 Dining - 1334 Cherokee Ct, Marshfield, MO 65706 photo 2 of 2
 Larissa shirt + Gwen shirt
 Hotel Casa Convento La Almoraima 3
==
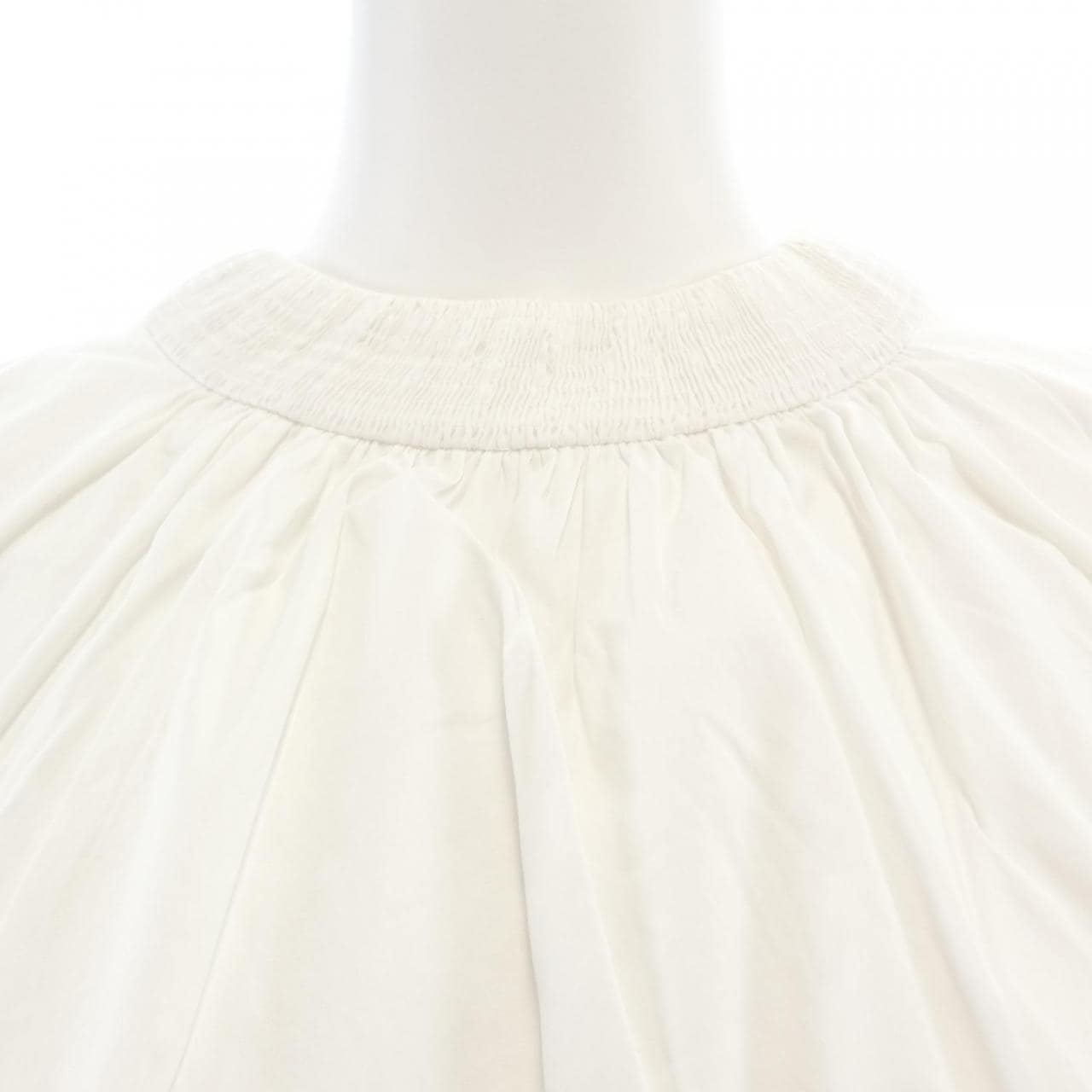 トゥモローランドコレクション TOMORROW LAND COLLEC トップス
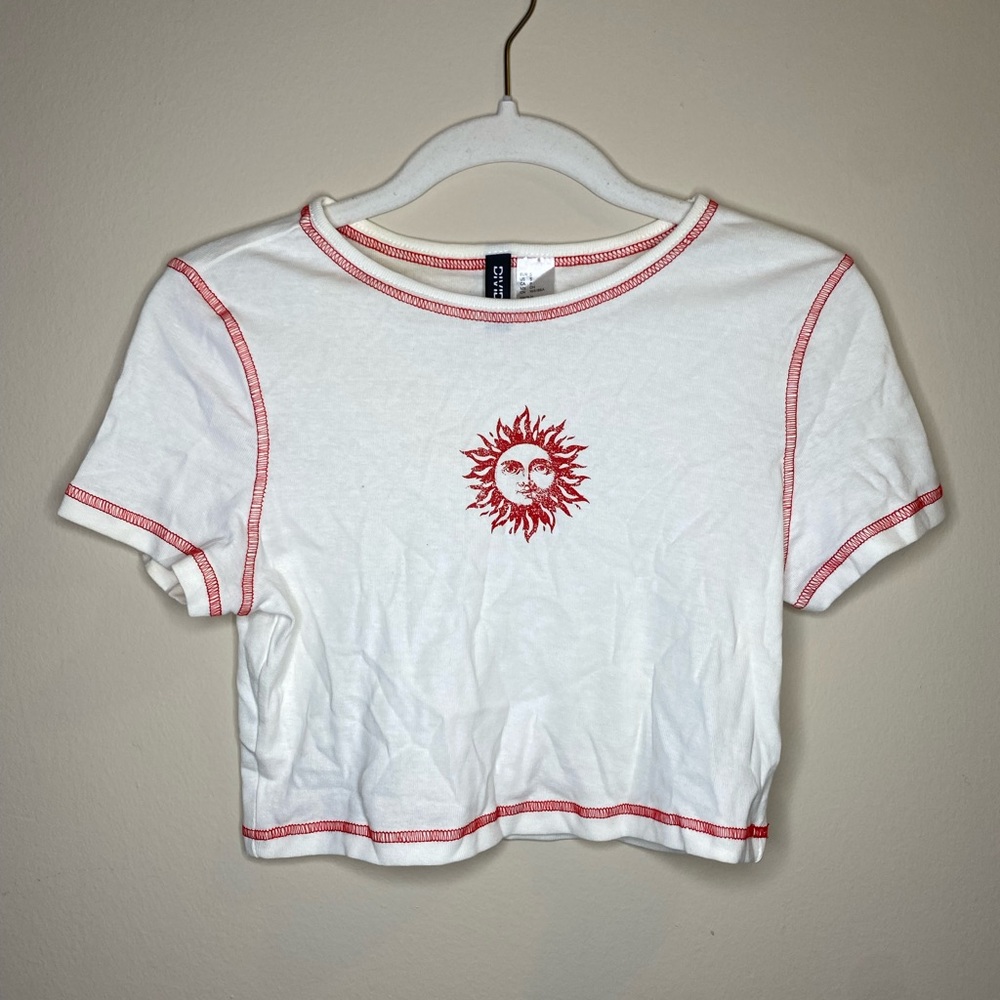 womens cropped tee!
==
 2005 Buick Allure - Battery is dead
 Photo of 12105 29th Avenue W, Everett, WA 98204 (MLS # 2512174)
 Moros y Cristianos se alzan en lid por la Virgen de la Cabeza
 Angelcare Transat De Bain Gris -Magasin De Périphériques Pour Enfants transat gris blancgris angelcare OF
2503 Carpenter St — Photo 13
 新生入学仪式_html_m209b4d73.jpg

#### YOUR ASSIGNMENT:
All lines in the listing above between the line with "Larissa shirt + Gwen shirt" and the line with "Hotel Casa Convento La Almoraima 3", inclusive, should be set down exactly, and no line outside that range.

#### EXERCISE OUTPUT:
 Larissa shirt + Gwen shirt
 Hotel Casa Convento La Almoraima 3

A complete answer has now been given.